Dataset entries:
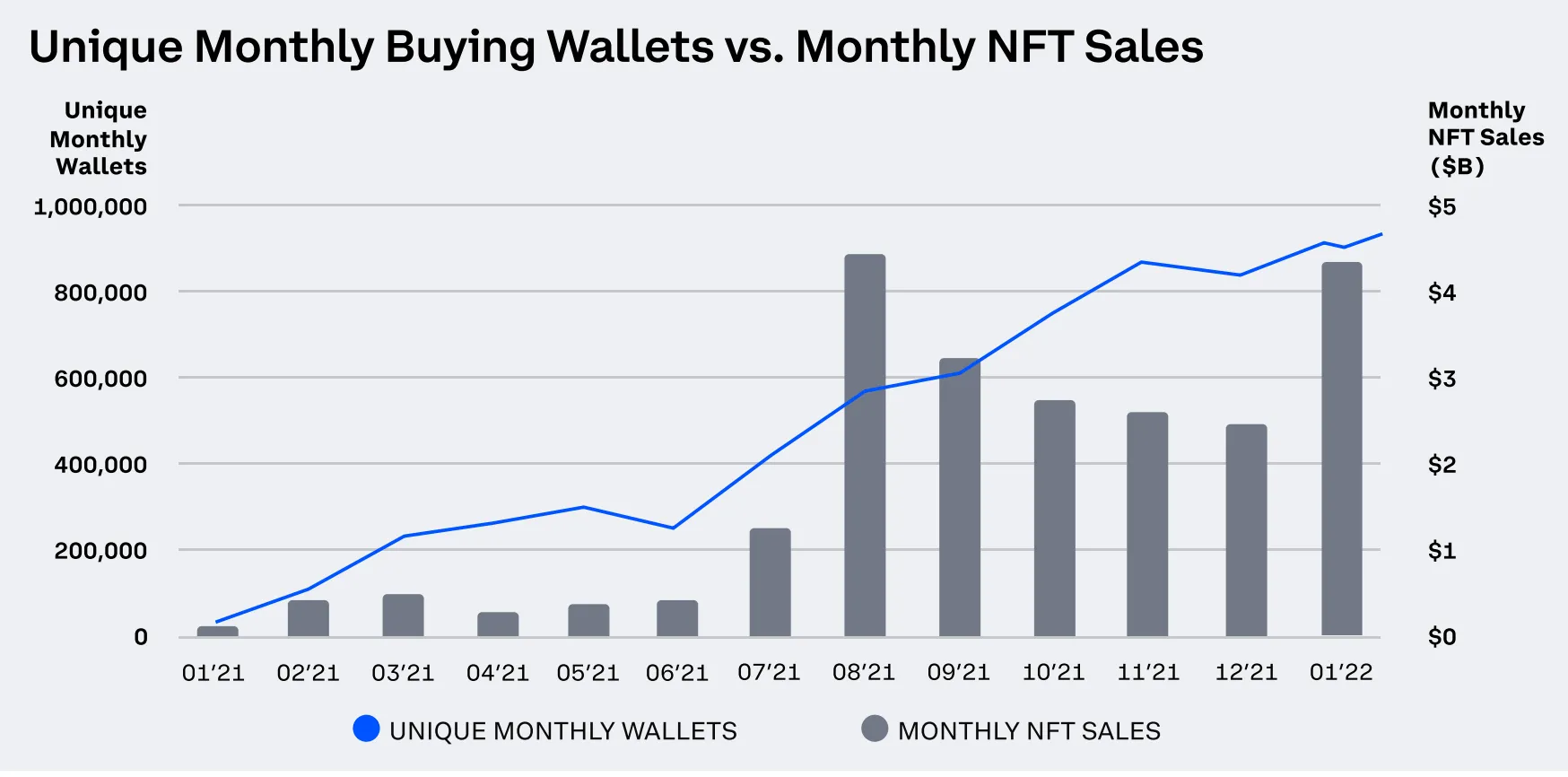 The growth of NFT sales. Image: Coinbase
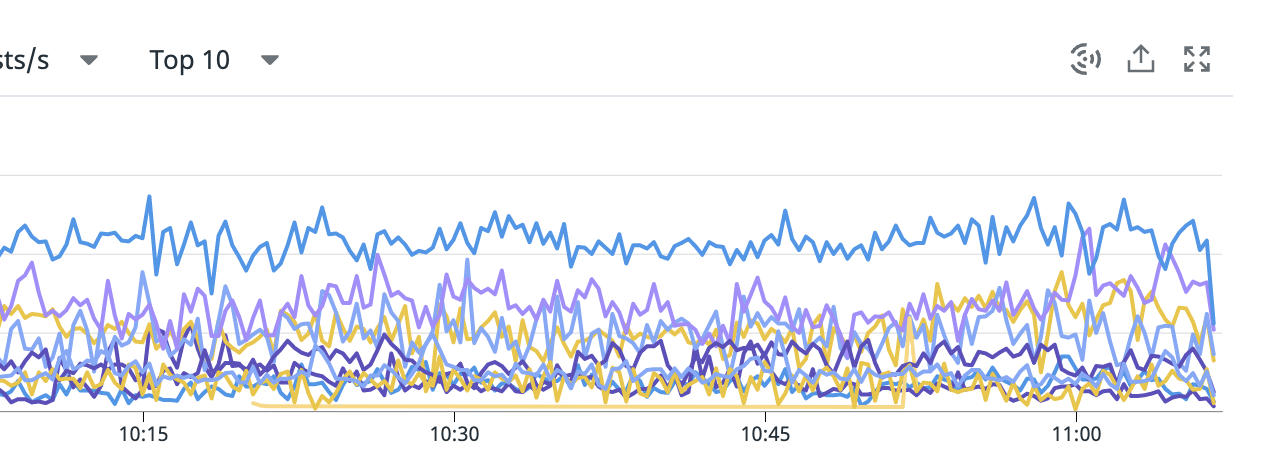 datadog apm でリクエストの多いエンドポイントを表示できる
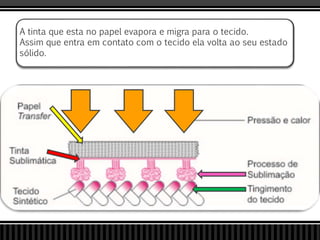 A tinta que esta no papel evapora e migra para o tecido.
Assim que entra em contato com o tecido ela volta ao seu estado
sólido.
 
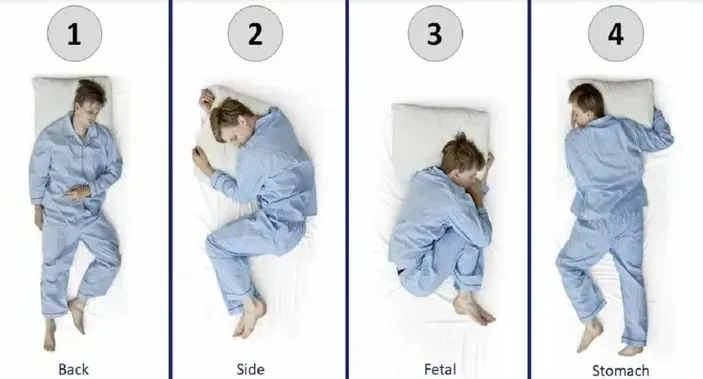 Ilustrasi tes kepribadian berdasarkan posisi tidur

- [WHAT TO PRODUCE] Before printing anything, remove the pictures; then print all the records exactly.

- [ANSWER BOX]
 The growth of NFT sales. Image: Coinbase
 datadog apm でリクエストの多いエンドポイントを表示できる
 A tinta que esta no papel evapora e migra para o tecido.
Assim que entra em contato com o tecido ela volta ao seu estado
sólido.
 
 Ilustrasi tes kepribadian berdasarkan posisi tidur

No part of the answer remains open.